The answer must give back every line of the data exactly, with no pictures.

#### Stored data:
┏━━
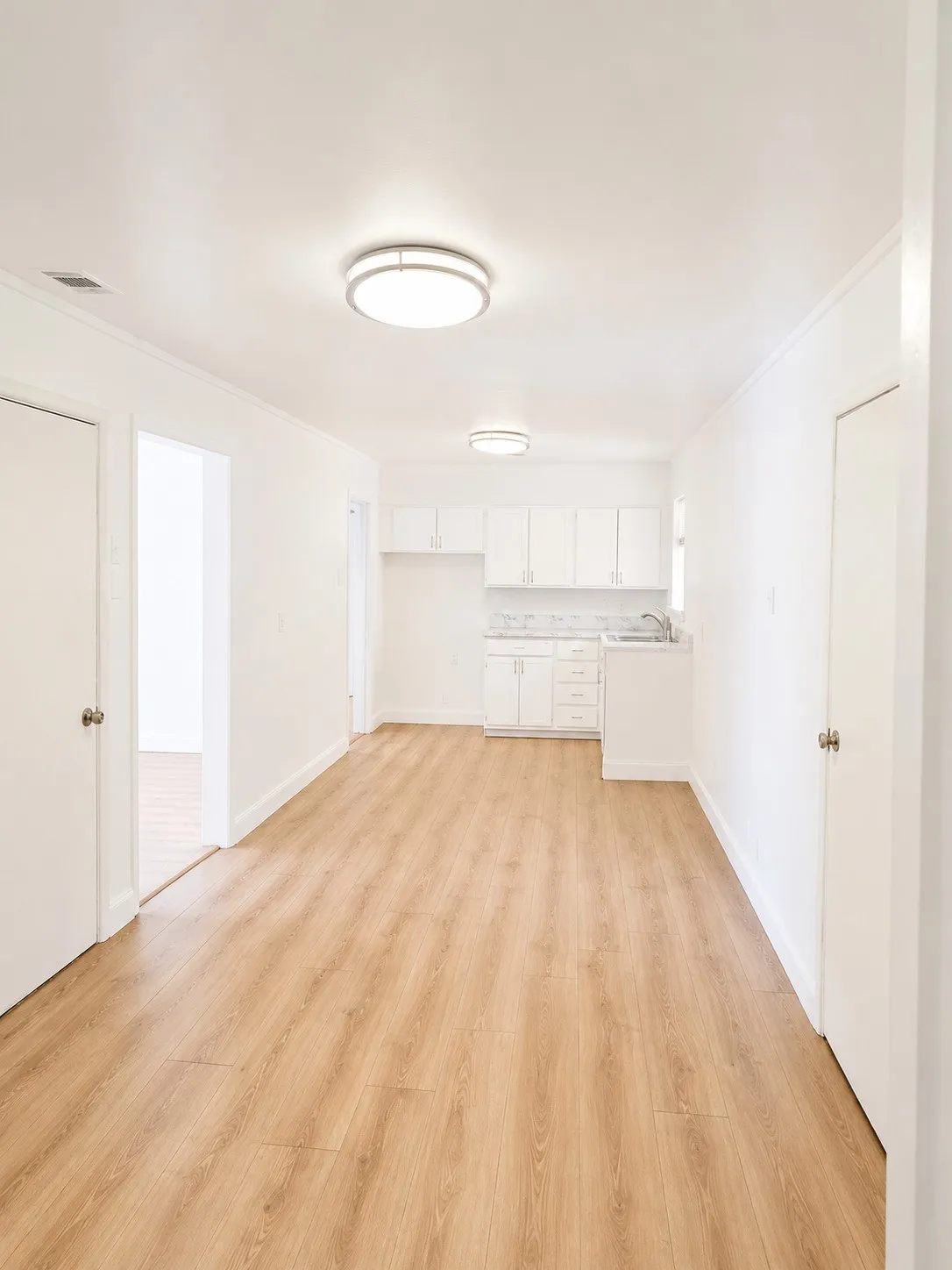 Single Family Residence For Rent in Tarrant County , 2016 Menefee Street, Arlington, Texas 76010, 4 Bedroom, 2 Bathroom, 1 Garage spaces, 1,864 Sqft, built in 1956, mls#21360618, Real Estate Agent in Arlington, Homes For Rent in Tarrant county, Homes For Rent in Arlington, Realtor in Arlington Texas, Real Estate Brokerage Independent Realty Texas, Luminita Cordes Realtor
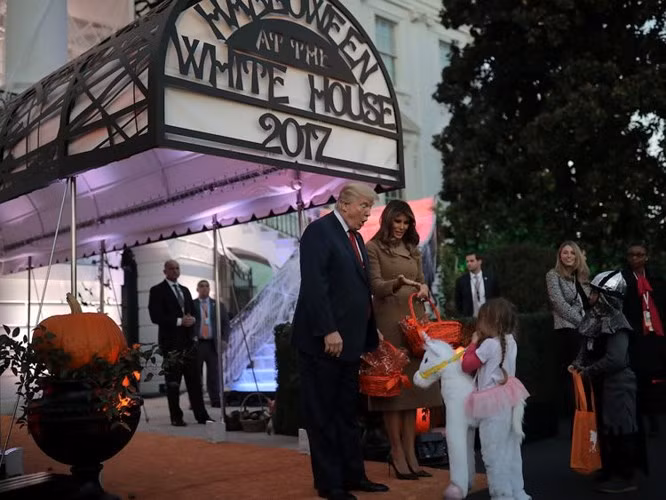 Tổng thống Mỹ Donald Trump và Đệ nhất phu nhân Melania Trump phát kẹo cho những đứa trẻ tại Bãi cỏ phía Nam ở Nhà Trắng năm 2017.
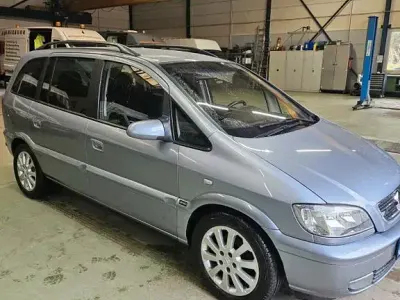 Gebraucht Opel Zafira Executive 125 PS (91 kW) 2004 Blau Van / Kleinbus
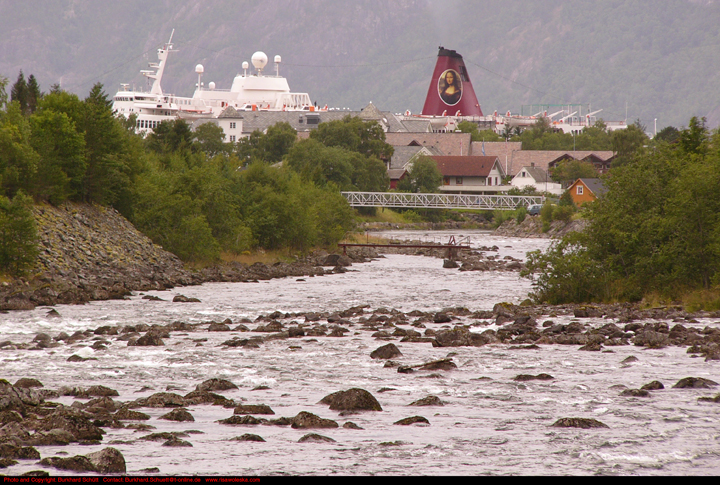 Port of Call 028.jpg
┗━━
#### Result for this task:
 Single Family Residence For Rent in Tarrant County , 2016 Menefee Street, Arlington, Texas 76010, 4 Bedroom, 2 Bathroom, 1 Garage spaces, 1,864 Sqft, built in 1956, mls#21360618, Real Estate Agent in Arlington, Homes For Rent in Tarrant county, Homes For Rent in Arlington, Realtor in Arlington Texas, Real Estate Brokerage Independent Realty Texas, Luminita Cordes Realtor
 Tổng thống Mỹ Donald Trump và Đệ nhất phu nhân Melania Trump phát kẹo cho những đứa trẻ tại Bãi cỏ phía Nam ở Nhà Trắng năm 2017.
 Gebraucht Opel Zafira Executive 125 PS (91 kW) 2004 Blau Van / Kleinbus
 Port of Call 028.jpg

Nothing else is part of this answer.